George is not on Climate 200’s list of 35 candidates, but he seems to have good financial support. In 2022 the Liberal candidate won only 27 percent of first preference votes. If they and those who voted for the Greens give him their preferences, he has up to a 44 percent head start.

We won’t know which polls were accurate until the night of the election count.


Are we happy?

If we listen to journalists telling us we have a “cost of living crisis”, and to Coalition politicians telling us that in Australia we have the worst government in our 60 000 year history, we might be surprised to learn that on the World Happiness Report’s rankings Australia comes in at #11 out of 147 countries surveyed.

We’ve been pushed out of the top ten, which has the usual suspects – the Nordic countries, Luxembourg and The Netherlands. Costa Rica, which is one of the most prosperous and best-governed countries of central and south America, comes in at #6. It is surprising to find Mexico (#10) and Israel (#8), among the top ten – one a poor country burdened by corruption and a high rate of violent crime, the other engaged in a war.

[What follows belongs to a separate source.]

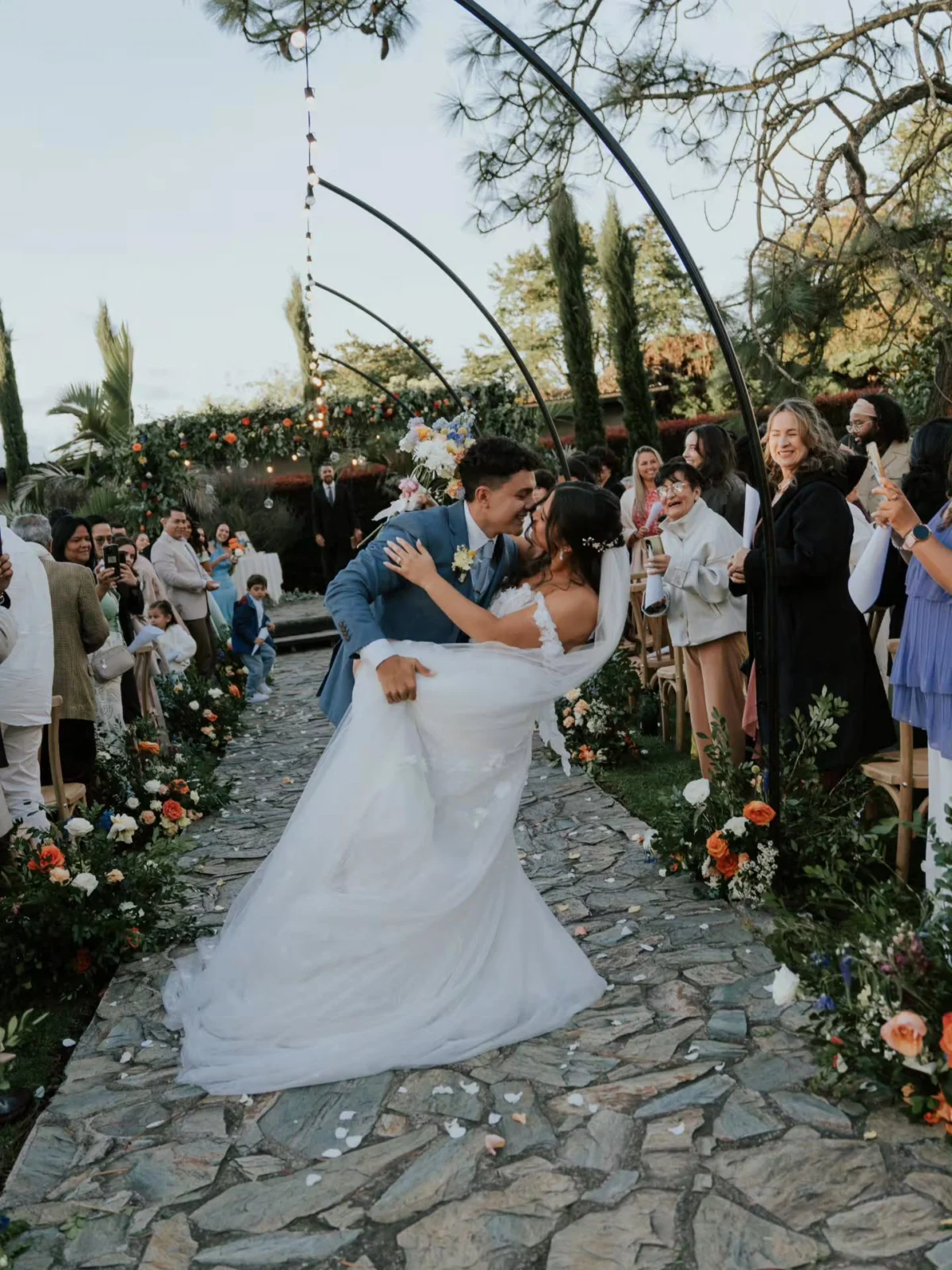 Pareja celebrando su boda al aire libre, con montañas y un lago al fondo.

Some explanation for these rankings lies in the researchers’ emphasis on social support, rather than on material living standards. Our happiness depends on the benevolence of others, particularly our perception of the benevolence of others. If we think others are greedy we are less happy than if we believe they are caring. The report’s authors note that in this regard Latin American societies are characterized by large household sizes and strong family bonds, which may help explain the high rankings for Mexico and Costa Rica.

The large “developed” countries – Germany, UK and the USA – are ranked at 22, 23 and 24 positions. Japan (#55) and Korea (#58) rank well below most other prosperous countries.

The researchers note, as we have seen in Australian surveys, that there is an increasing tendency among younger people to feel lonely.

Their detailed analysis of Australia shows a slow trend of expression of negative emotions and a steady rise in inequality.